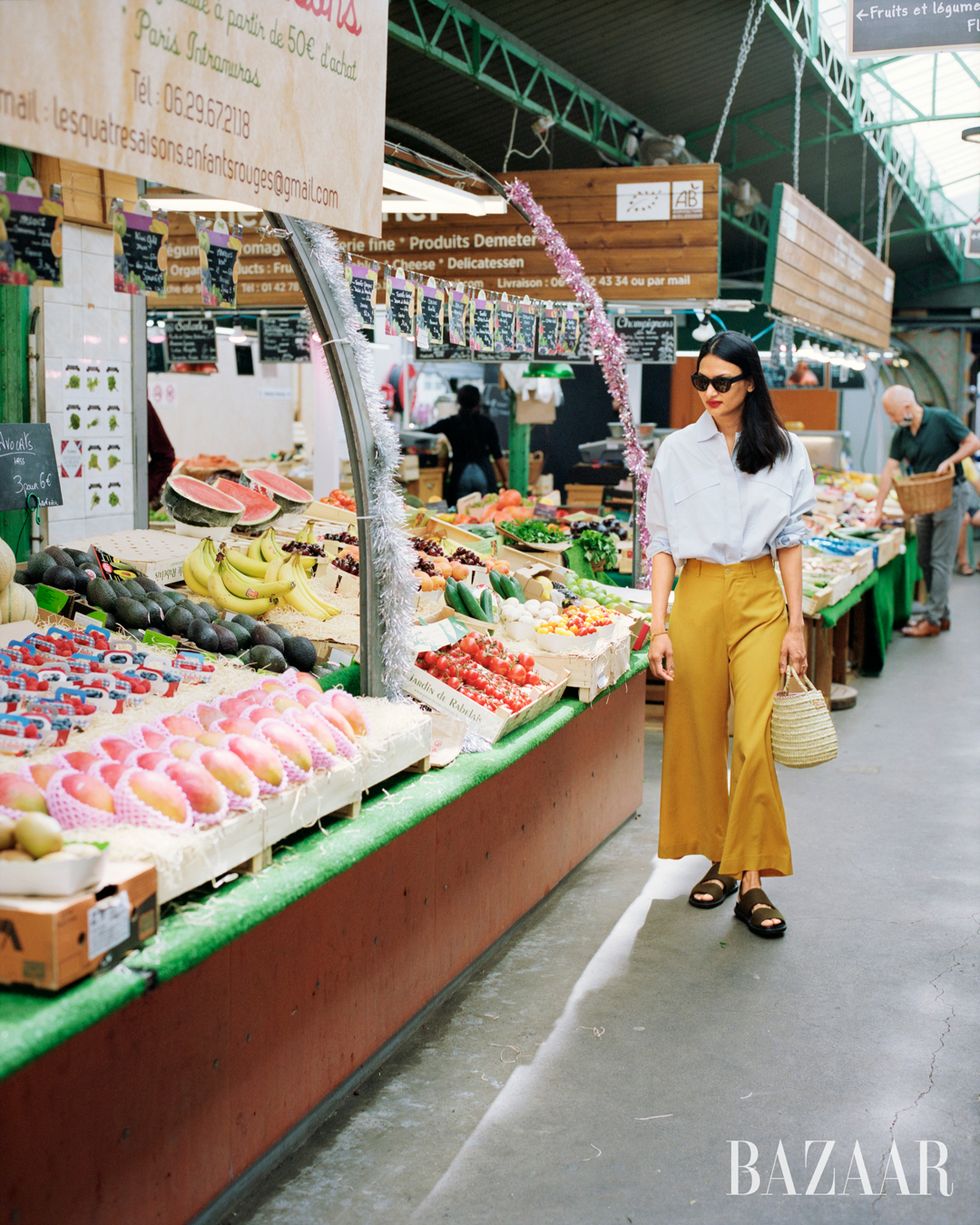 woman in yellow pants white shirt and tan woven basket bag approaching fruit at supermarket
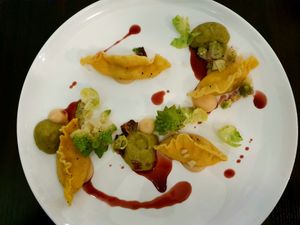 Homemade ravioli stuffed with celery cream and bengal pepper on granny smith paste with romanesco at Farbenfroh in Essen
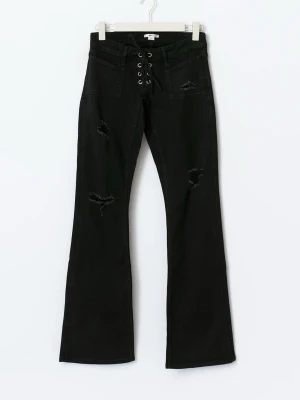 Svarta bootcut jeans med snörning - Säljer ett par svarta bootcut jeans med snörning framtill och slitna detaljer på benen. Byxorna har hög midja och är tillverkade i ett stretchigt jeansmaterial. Snygg passform som markerar midjan och ger en cool vibe.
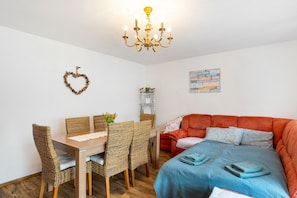 Quarto com mesa de jantar, cadeiras, sofá, cama, lustre, decoração em formato de coração e pôster motivacional.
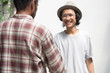 © SVRSLYIMAGES - young asian male hand shake with friend as foreground, young asian man with glasses handshake with black man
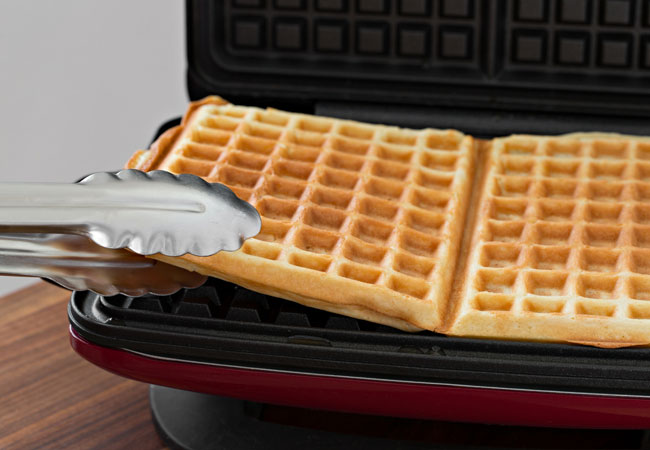 Using tongs to remove a waffle from a waffle iron
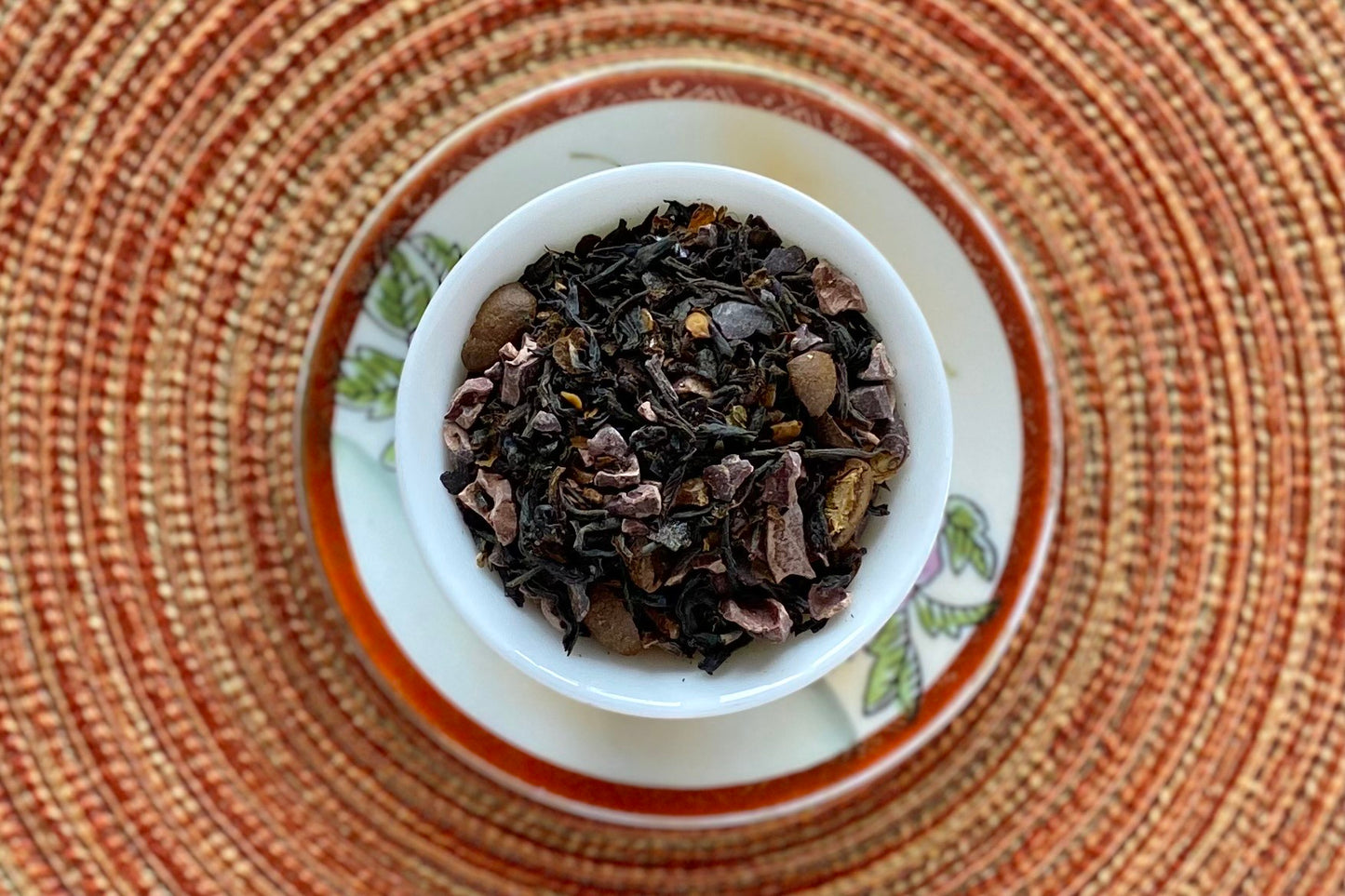 red and white teacup full of black tea, coffee beans, chili flake and cacao nib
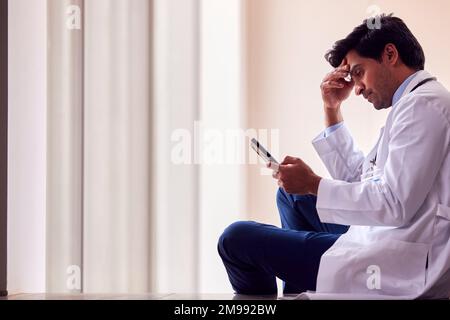 Stressato medico di sesso maschile indossando camice bianco seduto sul pavimento in corridoio di ospedale con telefono cellulare Foto Stock
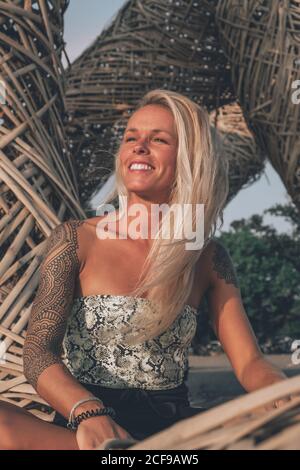 Allegro giovane biondo che indossa abiti estivi casual con tatuaggi le spalle poggiano sui sedili in vimini mentre si guarda al sole giorno d'estate Foto Stock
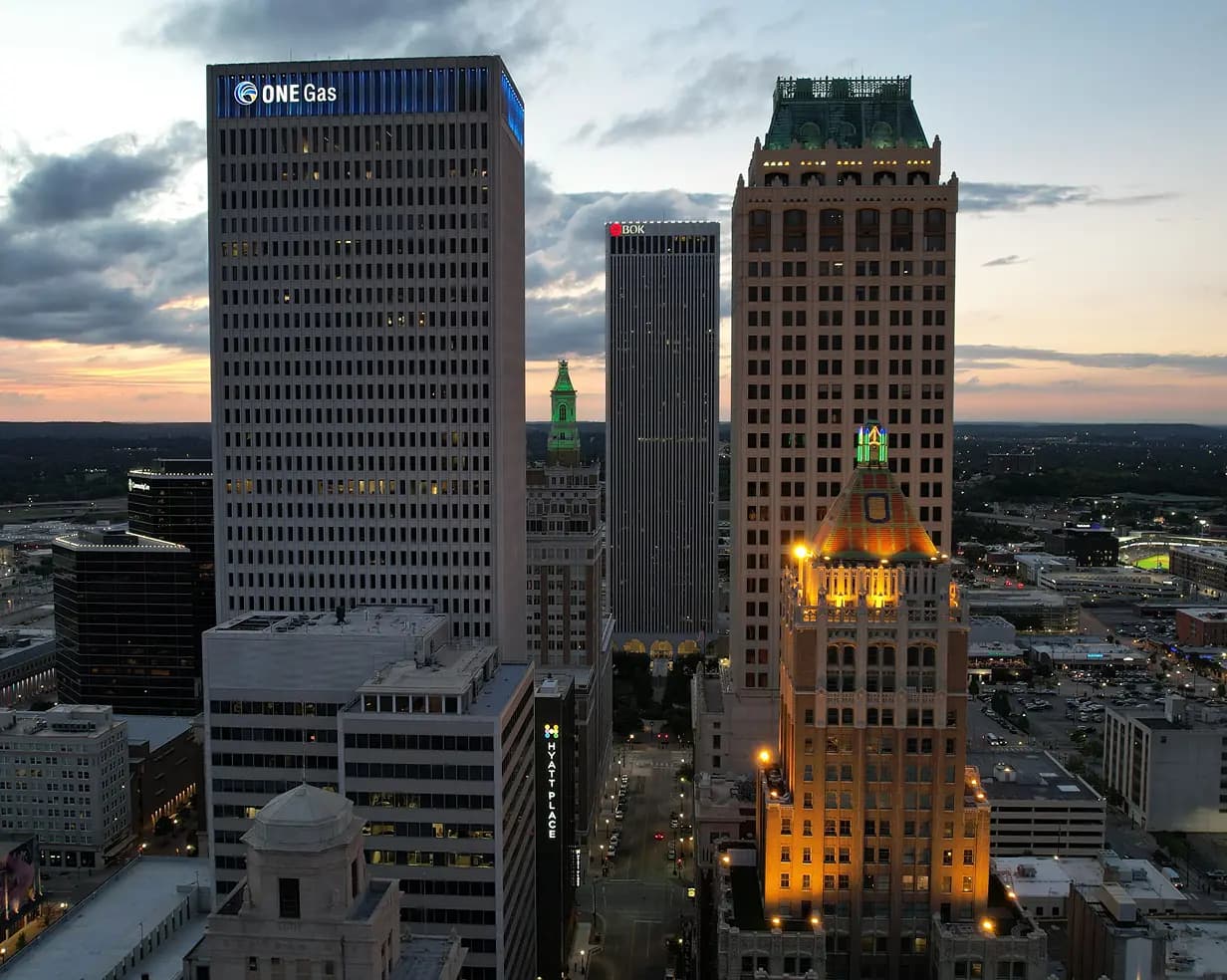 Downtown Tulsa, Oklahoma Art Deco towers at dusk, where charter bus groups stage for BOK Center events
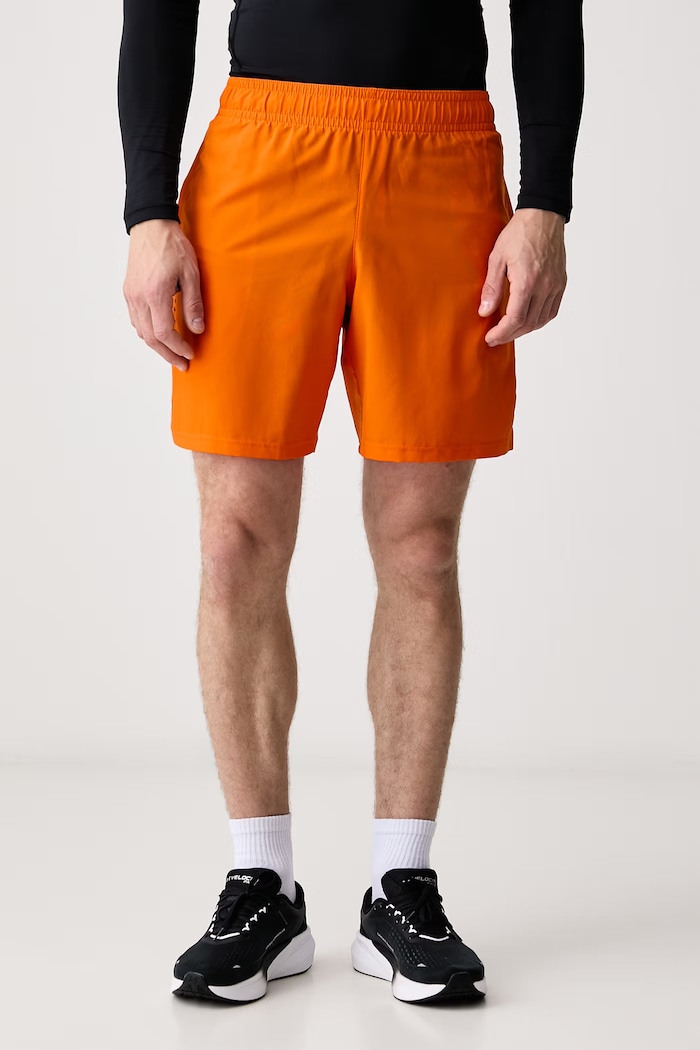 Under Armour Szorty sportowe męskie Vanish Woven pomarańczowy 1383356.808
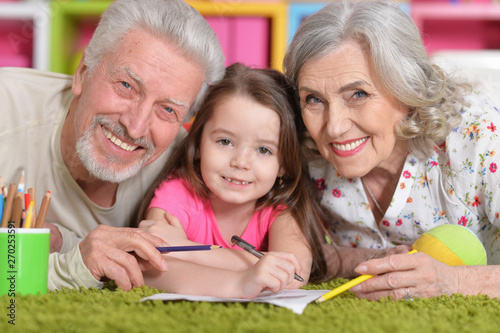 Portrait of grandparents playing with their grandaughter while lying on floor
++++++++++
» **Your task**: Every line from the one that holds "Under Armour Szorty" to the last line of the records above goes into the answer, exactly as written; nothing else does, and no picture does either.

» **Solution to this exercise**:
 Under Armour Szorty sportowe męskie Vanish Woven pomarańczowy 1383356.808
 Portrait of grandparents playing with their grandaughter while lying on floor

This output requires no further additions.